Scrape game review data from Steam, including the user, profile link, and the content of the review itself

In [34]:
from selenium import webdriver
from selenium.webdriver.edge.service import Service
from selenium.webdriver.edge.options import Options
from selenium.webdriver.common.keys import Keys
from selenium.webdriver.common.by import By
import re
from time import sleep
from datetime import datetime
from openpyxl import Workbook
import csv

## Requirements
You'll need to install the following libraries before beginning this project:
- [Selenium](https://www.selenium.dev/downloads/) : for automating the web browser; this can be involved... so check my [short YouTube video](https://youtu.be/9XAH_TvxwLg) for a walkthrough.
- [OpenPyXL](https://openpyxl.readthedocs.io/en/stable/) : for saving the data to an Excel spreadsheet (optional)

## Example
If you want to see an example of the output... you can see the results of me running the scaper for about 5 minutes on a particular game  
[Click to view Excel file](https://drive.google.com/file/d/1Ld04lwFY7OjIMU2wJxRcgdPvJ0o43BRo/view?usp=sharing)

## Getting started

Lookup the game id by doing a search on steam, navigate to the game homepage, and then get the number embedded in the URL before the game title.

In [35]:
# Warhammer 40k: Space Marine 2
game_id = 2183900

The url template below can be altered to filter by sentiment, language, and recency.  

Check the [website](https://steamcommunity.com/app/387990/positivereviews/?browsefilter=mostrecent) to see what options are available.

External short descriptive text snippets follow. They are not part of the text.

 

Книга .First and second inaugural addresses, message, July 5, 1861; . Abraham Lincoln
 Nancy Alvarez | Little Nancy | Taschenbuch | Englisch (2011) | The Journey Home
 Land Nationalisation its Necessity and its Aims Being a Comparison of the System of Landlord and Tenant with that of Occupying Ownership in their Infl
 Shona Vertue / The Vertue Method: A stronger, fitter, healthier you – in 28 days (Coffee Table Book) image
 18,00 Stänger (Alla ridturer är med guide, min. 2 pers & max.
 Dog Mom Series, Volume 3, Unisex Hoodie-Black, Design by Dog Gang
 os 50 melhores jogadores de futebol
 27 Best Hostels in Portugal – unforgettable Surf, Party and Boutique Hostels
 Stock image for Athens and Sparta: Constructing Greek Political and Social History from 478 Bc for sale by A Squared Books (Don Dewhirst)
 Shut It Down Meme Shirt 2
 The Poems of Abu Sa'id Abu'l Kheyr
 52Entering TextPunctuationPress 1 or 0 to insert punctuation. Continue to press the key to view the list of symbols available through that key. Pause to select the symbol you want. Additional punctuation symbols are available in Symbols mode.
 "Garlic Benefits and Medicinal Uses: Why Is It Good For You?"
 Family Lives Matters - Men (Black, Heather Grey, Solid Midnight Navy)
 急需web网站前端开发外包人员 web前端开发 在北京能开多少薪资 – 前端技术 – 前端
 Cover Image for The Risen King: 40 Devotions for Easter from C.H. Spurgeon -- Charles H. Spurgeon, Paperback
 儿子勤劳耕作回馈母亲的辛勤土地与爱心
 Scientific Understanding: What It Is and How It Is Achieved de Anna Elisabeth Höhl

For this project, I'm going to focus on **Positive** reviews only and sort by **Most Recent**.

In [36]:
template = 'https://steamcommunity.com/app/{}/positivereviews/?browsefilter=mostrecent'
template_with_language = 'https://steamcommunity.com/app/{}/positivereviews/?browsefilter=mostrecent&filterLanguage=english'

url = template_with_language.format(game_id)

In [37]:
# Set up options for Edge (Chromium)
options = Options()
options.use_chromium = True

# Provide the correct path to the Edge WebDriver
service = Service(executable_path=r"C:\Windows\System32\msedgedriver.exe")

# Initialize the WebDriver correctly using service
driver = webdriver.Edge(service=service, options=options)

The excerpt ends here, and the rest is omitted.